◆ **DESCRIPTION OF THE TASK**: Every record below, from first to last, should be copied exactly; leave the pictures out.

◆ **INPUT DATA**:
========

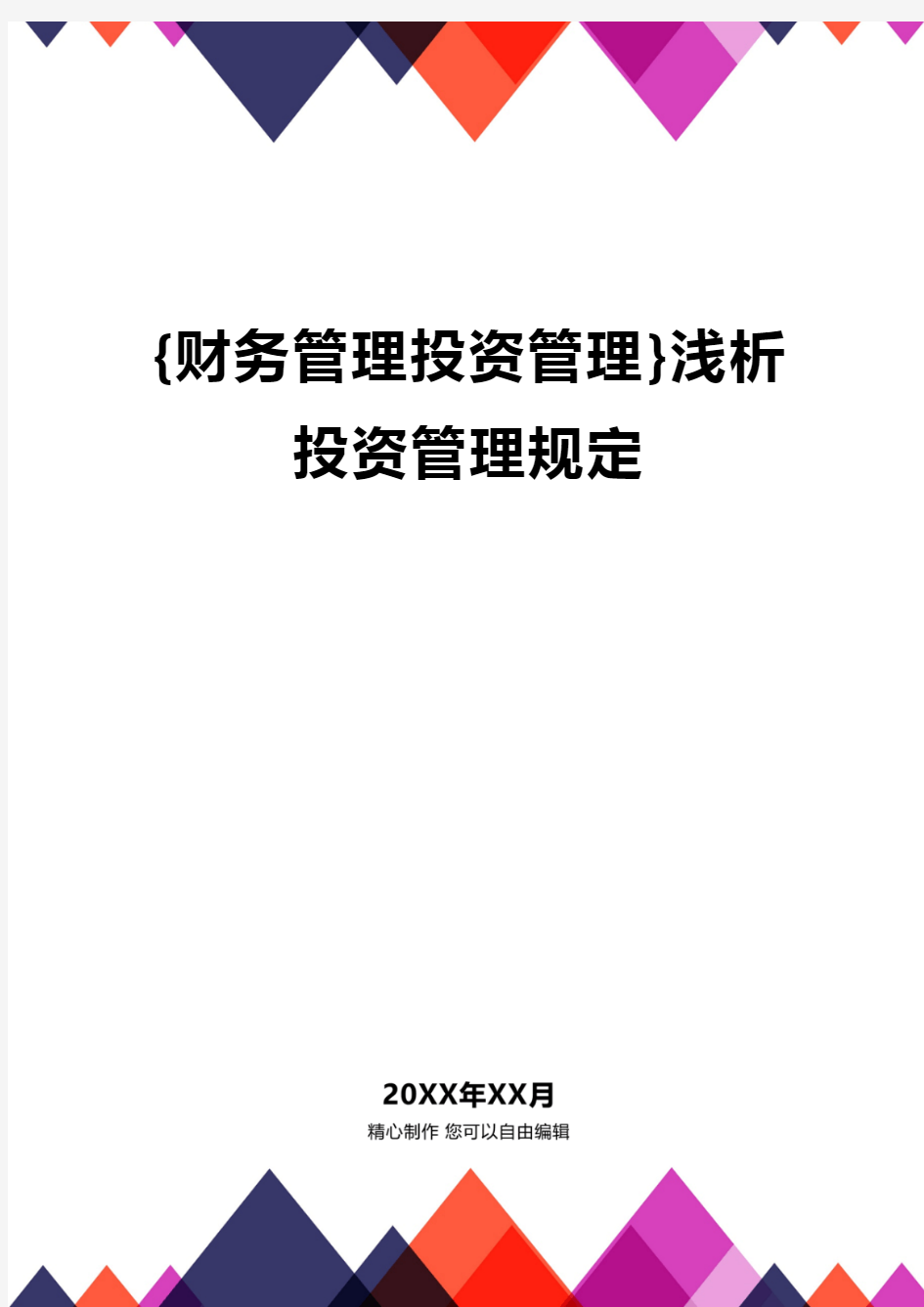 {财务管理投资管理}浅析投资管理规定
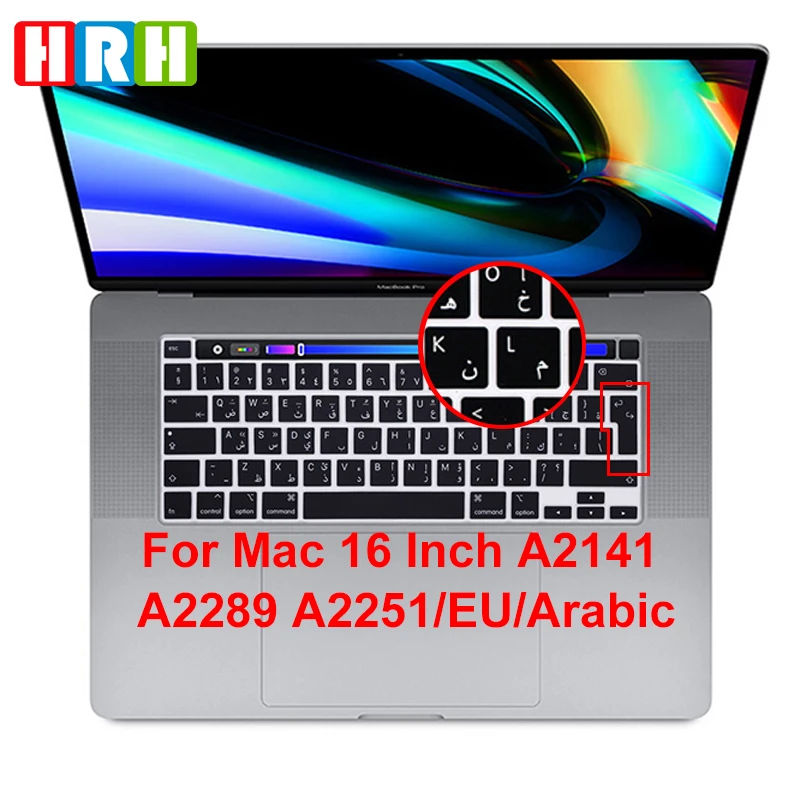 HRH Color Silicone Arabic Keyboard Skin Cover EU Version For MacBook New Pro 16 2019 A2141 M1 Chip A2338/A2251/A2289 2020+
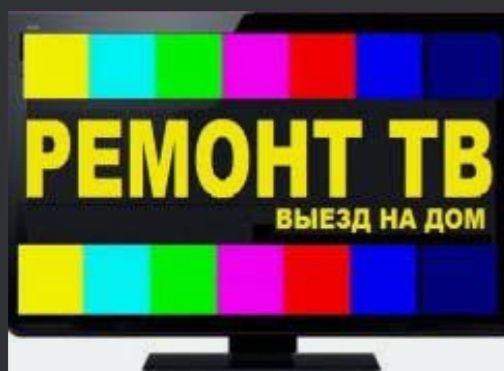 Ремонт телевизоров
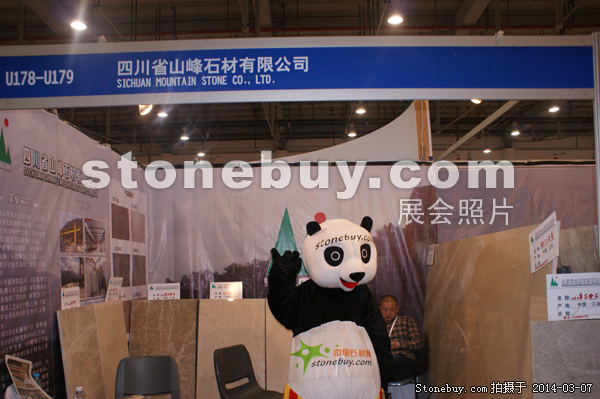 第十四屆廈門石材展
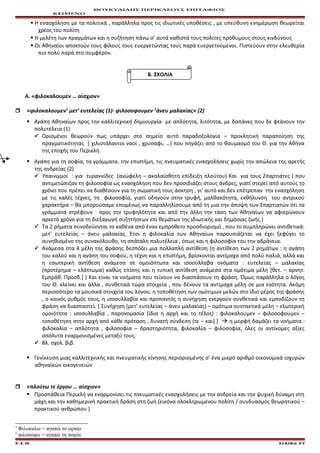 ΘΟΥΚΥΔΙΔΗΣ ΠΕΡΙΚΛΕΟΥΣ ΕΠΙΤΑΦΙΟΣ
ΚΕΙΜΕΝΟ
 Η ενασχόληση με τα πολιτικά , παράλληλα προς τις ιδιωτικές υποθέσεις , με υπεύθυνη ενημέρωση θεωρείται
χρέος του πολίτη
 Η μελέτη των πραγμάτων και η συζήτηση πάνω σ’ αυτά καθιστά τους πολίτες πρόθυμους στους κινδύνους
 Οι Αθηναίοι αποκτούν τους φίλους τους ευεργετώντας τους παρά ευεργετούμενοι. Πιστεύουν στην ελευθερία
πιο πολύ παρά στο συμφέρον.
Β. ΣΧΟΛΙΑ
Α. «φιλοκαλουμεν … αίσχιον»
 «φιλοκαλουμεν1
μετ’ ευτελείας (1)- φιλοσοφουμεν 2
άνευ μαλακίας» (2)
 Αγάπη Αθηναίων προς την καλλιτεχνική δημιουργία με απλότητα, λιτότητα, με δαπάνες που δε φτάνουν την
πολυτέλεια (1)
 Ορισμένοι θεωρούν πως υπάρχει στο σημείο αυτό παραδοξολογία – προκλητική παραποίηση της
πραγματικότητας ( χιλιοτάλαντοι ναοί , χρυσάφι, …) που πηγάζει από το θαυμασμό του Θ. για την Αθήνα
της εποχής του Περικλή.
 Αγάπη για τη σοφία, τα γράμματα, την επιστήμη, τις πνευματικές ενασχολήσεις χωρίς την απώλεια της αρετής
της ανδρείας (2)
 Υπαινιγμοί : για τυραννίδες (ανώφελη – ακαλαίσθητη επίδειξη πλούτου) Και για τους Σπαρτιάτες ( που
αντιμετώπιζαν τη φιλοσοφία ως ενασχόληση που δεν προσιδιάζει στους άνδρες, γιατί στερεί από αυτούς το
χρόνο που πρέπει να διαθέσουν για τη σωματική τους άσκηση , γι’ αυτό και δεν επέτρεπαν την ενασχόληση
με τις καλές τέχνες, τη φιλοσοφία, γιατί οδηγούν στην τρυφή, μαλθακότητα, εκθήλυνση του αντρικού
χαρακτήρα – θα μπορούσαμε επομένως να παραλληλίσουμε από τη μια την άποψη των Σπαρτιατών ότι τα
γράμματα στρέφουν προς την τρυφηλότητα και από την άλλη την τάση των Αθηναίων να αφιερώνουν
αρκετό χρόνο για τη διεξαγωγή συζητήσεων επί θεμάτων της ιδιωτικής και δημόσιας ζωής.)
 Τα 2 ρήματα συνοδεύονται το καθένα από έναν εμπρόθετο προσδιορισμό , που το συμπληρώνει αντιθετικά:
μετ’ ευτελείας – άνευ μαλακίας. Έτσι η φιλοκαλία των Αθηναίων παρουσιάζεται να έχει ξεφύγει το
συνηθισμένο της συνακόλουθο, τη σπάταλη πολυτέλεια , όπως και η φιλοσοφία του την αδράνεια.
 Ανάμεσα στα 4 μέλη της φράσης δεσπόζει μια πολλαπλή αντίθεση (η αντίθεση των 2 ρημάτων : η αγάπη
του καλού και η αγάπη του σοφού, η τέχνη και η επιστήμη, βρίσκονται αντίμαχα από πολύ παλιά, αλλά και
η εσωτερική αντίθεση ανάμεσα σε ομοιόπτωτα και ισοσύλλαβα ονόματα : ευτελείας – μαλακίας
(προτέρημα – ελάττωμα) καθώς επίσης και η τυπική αντίθεση ανάμεσα στα ομότιμα μέλη [θετ. – αρνητ.
Εμπρόθ. Προσδ.] ) Και είναι τα νοήματα που τείνουν να διασπάσουν τη φράση. Όμως παράλληλα ο λόγος
του Θ. κλείνει και άλλα , συνθετικά τώρα στοιχεία , που δένουν τα αντίμαχα μέλη σε μια ενότητα. Ακόμη
περισσότερο τα μουσικά στοιχεία του λόγου, η τοποθέτηση των ομότιμων μελών στο ίδιο μέρος της φράσης
, ο κοινός ρυθμός τους, η ισοσυλλαβία και προπαντός η συνήχηση ενεργούν συνθετικά και εμποδίζουν τη
φράση να διασπαστεί. [ Συνήχηση (μετ’ ευτελείας – άνευ μαλακίας) – ομότιμα συντακτικά μέλη – εξωτερική
ομοιότητα : ισοσυλλαβία , παρονομασία (ίδια η αρχή και το τέλος) : φιλοκαλουμεν – φιλοσοφουμεν –
τοποθέτηση στην αρχή από κάθε πρόταση , δυνατή σύνδεση (τε – και) ]  η μορφή δαμάζει τα νοήματα :
φιλοκαλία – απλότητα , φιλοσοφία – δραστηριότητα, φιλοκαλία – φιλοσοφία, όλες οι αντίνομες αξίες
απόλυτα εναρμονισμένες μεταξύ τους.
 Βλ. σχολ. βιβ.
 Γενίκευση μιας καλλιτεχνικής και πνευματικής κίνησης περιορισμένης σ’ ένα μικρό αριθμό οικονομικά ισχυρών
αθηναϊκών οικογενειών
 «πλούτω τε έργου … αίσχιον»
 Προσπάθεια Περικλή να εναρμονίσει τις πνευματικές ενασχολήσεις με την ανδρεία και την ψυχική δύναμη στη
μάχη και την καθημερινή πρακτική δράση στη ζωή (εικόνα ολοκληρωμένου πολίτη / συνδυασμός θεωρητικού –
πρακτικού ανθρώπου )
1
Φιλοκαλω = αγαπώ το ωραίο
2
φιλοσοφω = αγαπώ τη σοφία
Ε.Σ.Ν. Σελίδα 27
 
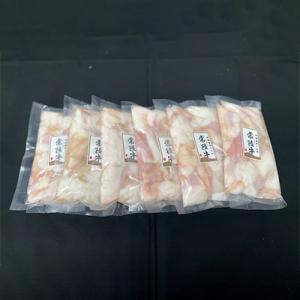 ふるさと納税 牛久市 【常陸牛】もつ鍋 焼肉用...の詳細画像2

========

◆ **PROBLEM SOLUTION**:
 {财务管理投资管理}浅析投资管理规定
 HRH Color Silicone Arabic Keyboard Skin Cover EU Version For MacBook New Pro 16 2019 A2141 M1 Chip A2338/A2251/A2289 2020+
 Ремонт телевизоров
 第十四屆廈門石材展
 ΘΟΥΚΥΔΙΔΗΣ ΠΕΡΙΚΛΕΟΥΣ ΕΠΙΤΑΦΙΟΣ
ΚΕΙΜΕΝΟ
 Η ενασχόληση με τα πολιτικά , παράλληλα προς τις ιδιωτικές υποθέσεις , με υπεύθυνη ενημέρωση θεωρείται
χρέος του πολίτη
 Η μελέτη των πραγμάτων και η συζήτηση πάνω σ’ αυτά καθιστά τους πολίτες πρόθυμους στους κινδύνους
 Οι Αθηναίοι αποκτούν τους φίλους τους ευεργετώντας τους παρά ευεργετούμενοι. Πιστεύουν στην ελευθερία
πιο πολύ παρά στο συμφέρον.
Β. ΣΧΟΛΙΑ
Α. «φιλοκαλουμεν … αίσχιον»
 «φιλοκαλουμεν1
μετ’ ευτελείας (1)- φιλοσοφουμεν 2
άνευ μαλακίας» (2)
 Αγάπη Αθηναίων προς την καλλιτεχνική δημιουργία με απλότητα, λιτότητα, με δαπάνες που δε φτάνουν την
πολυτέλεια (1)
 Ορισμένοι θεωρούν πως υπάρχει στο σημείο αυτό παραδοξολογία – προκλητική παραποίηση της
πραγματικότητας ( χιλιοτάλαντοι ναοί , χρυσάφι, …) που πηγάζει από το θαυμασμό του Θ. για την Αθήνα
της εποχής του Περικλή.
 Αγάπη για τη σοφία, τα γράμματα, την επιστήμη, τις πνευματικές ενασχολήσεις χωρίς την απώλεια της αρετής
της ανδρείας (2)
 Υπαινιγμοί : για τυραννίδες (ανώφελη – ακαλαίσθητη επίδειξη πλούτου) Και για τους Σπαρτιάτες ( που
αντιμετώπιζαν τη φιλοσοφία ως ενασχόληση που δεν προσιδιάζει στους άνδρες, γιατί στερεί από αυτούς το
χρόνο που πρέπει να διαθέσουν για τη σωματική τους άσκηση , γι’ αυτό και δεν επέτρεπαν την ενασχόληση
με τις καλές τέχνες, τη φιλοσοφία, γιατί οδηγούν στην τρυφή, μαλθακότητα, εκθήλυνση του αντρικού
χαρακτήρα – θα μπορούσαμε επομένως να παραλληλίσουμε από τη μια την άποψη των Σπαρτιατών ότι τα
γράμματα στρέφουν προς την τρυφηλότητα και από την άλλη την τάση των Αθηναίων να αφιερώνουν
αρκετό χρόνο για τη διεξαγωγή συζητήσεων επί θεμάτων της ιδιωτικής και δημόσιας ζωής.)
 Τα 2 ρήματα συνοδεύονται το καθένα από έναν εμπρόθετο προσδιορισμό , που το συμπληρώνει αντιθετικά:
μετ’ ευτελείας – άνευ μαλακίας. Έτσι η φιλοκαλία των Αθηναίων παρουσιάζεται να έχει ξεφύγει το
συνηθισμένο της συνακόλουθο, τη σπάταλη πολυτέλεια , όπως και η φιλοσοφία του την αδράνεια.
 Ανάμεσα στα 4 μέλη της φράσης δεσπόζει μια πολλαπλή αντίθεση (η αντίθεση των 2 ρημάτων : η αγάπη
του καλού και η αγάπη του σοφού, η τέχνη και η επιστήμη, βρίσκονται αντίμαχα από πολύ παλιά, αλλά και
η εσωτερική αντίθεση ανάμεσα σε ομοιόπτωτα και ισοσύλλαβα ονόματα : ευτελείας – μαλακίας
(προτέρημα – ελάττωμα) καθώς επίσης και η τυπική αντίθεση ανάμεσα στα ομότιμα μέλη [θετ. – αρνητ.
Εμπρόθ. Προσδ.] ) Και είναι τα νοήματα που τείνουν να διασπάσουν τη φράση. Όμως παράλληλα ο λόγος
του Θ. κλείνει και άλλα , συνθετικά τώρα στοιχεία , που δένουν τα αντίμαχα μέλη σε μια ενότητα. Ακόμη
περισσότερο τα μουσικά στοιχεία του λόγου, η τοποθέτηση των ομότιμων μελών στο ίδιο μέρος της φράσης
, ο κοινός ρυθμός τους, η ισοσυλλαβία και προπαντός η συνήχηση ενεργούν συνθετικά και εμποδίζουν τη
φράση να διασπαστεί. [ Συνήχηση (μετ’ ευτελείας – άνευ μαλακίας) – ομότιμα συντακτικά μέλη – εξωτερική
ομοιότητα : ισοσυλλαβία , παρονομασία (ίδια η αρχή και το τέλος) : φιλοκαλουμεν – φιλοσοφουμεν –
τοποθέτηση στην αρχή από κάθε πρόταση , δυνατή σύνδεση (τε – και) ]  η μορφή δαμάζει τα νοήματα :
φιλοκαλία – απλότητα , φιλοσοφία – δραστηριότητα, φιλοκαλία – φιλοσοφία, όλες οι αντίνομες αξίες
απόλυτα εναρμονισμένες μεταξύ τους.
 Βλ. σχολ. βιβ.
 Γενίκευση μιας καλλιτεχνικής και πνευματικής κίνησης περιορισμένης σ’ ένα μικρό αριθμό οικονομικά ισχυρών
αθηναϊκών οικογενειών
 «πλούτω τε έργου … αίσχιον»
 Προσπάθεια Περικλή να εναρμονίσει τις πνευματικές ενασχολήσεις με την ανδρεία και την ψυχική δύναμη στη
μάχη και την καθημερινή πρακτική δράση στη ζωή (εικόνα ολοκληρωμένου πολίτη / συνδυασμός θεωρητικού –
πρακτικού ανθρώπου )
1
Φιλοκαλω = αγαπώ το ωραίο
2
φιλοσοφω = αγαπώ τη σοφία
Ε.Σ.Ν. Σελίδα 27
 
 ふるさと納税 牛久市 【常陸牛】もつ鍋 焼肉用...の詳細画像2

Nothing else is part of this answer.